**Given data**.
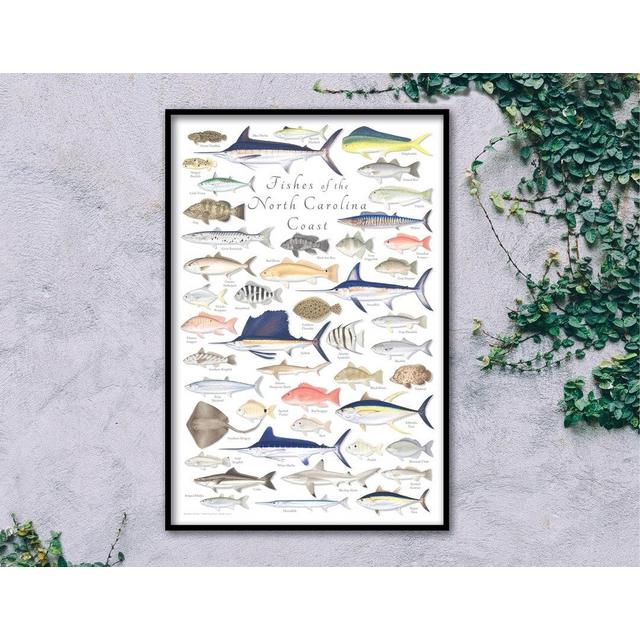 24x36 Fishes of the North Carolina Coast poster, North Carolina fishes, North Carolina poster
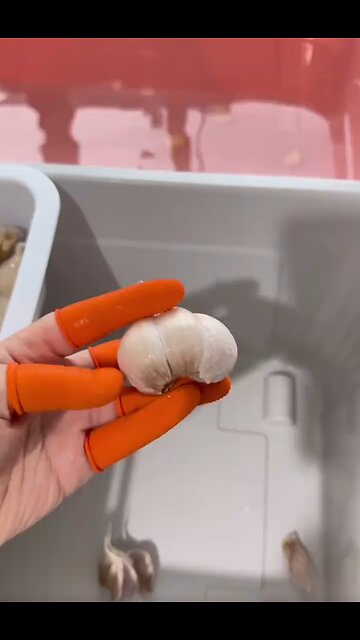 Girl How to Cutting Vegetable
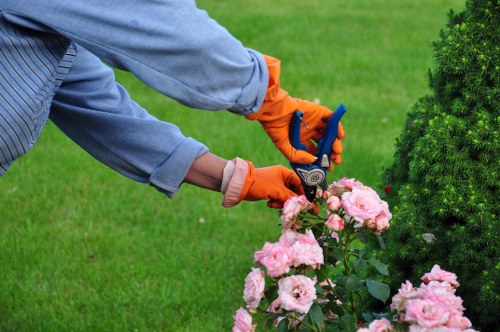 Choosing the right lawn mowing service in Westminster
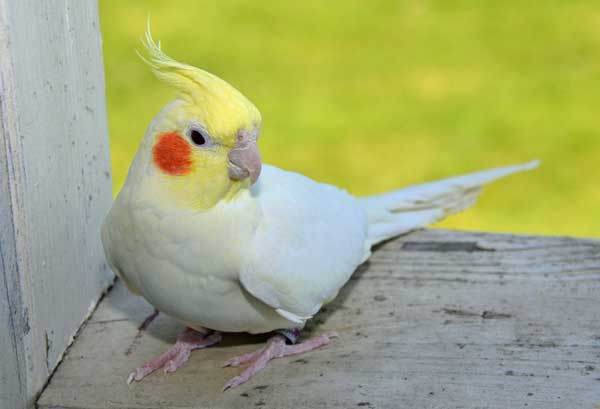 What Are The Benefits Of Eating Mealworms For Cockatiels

...

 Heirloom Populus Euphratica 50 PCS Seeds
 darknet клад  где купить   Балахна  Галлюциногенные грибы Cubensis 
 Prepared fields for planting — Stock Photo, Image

**Try it**.
Return a word-for-word copy of the lines above from the one holding "Галлюциногенные грибы Cubensis" through the one holding "Prepared fields for", with both of them included and nothing besides.

**Task output**.
 darknet клад  где купить   Балахна  Галлюциногенные грибы Cubensis 
 Prepared fields for planting — Stock Photo, Image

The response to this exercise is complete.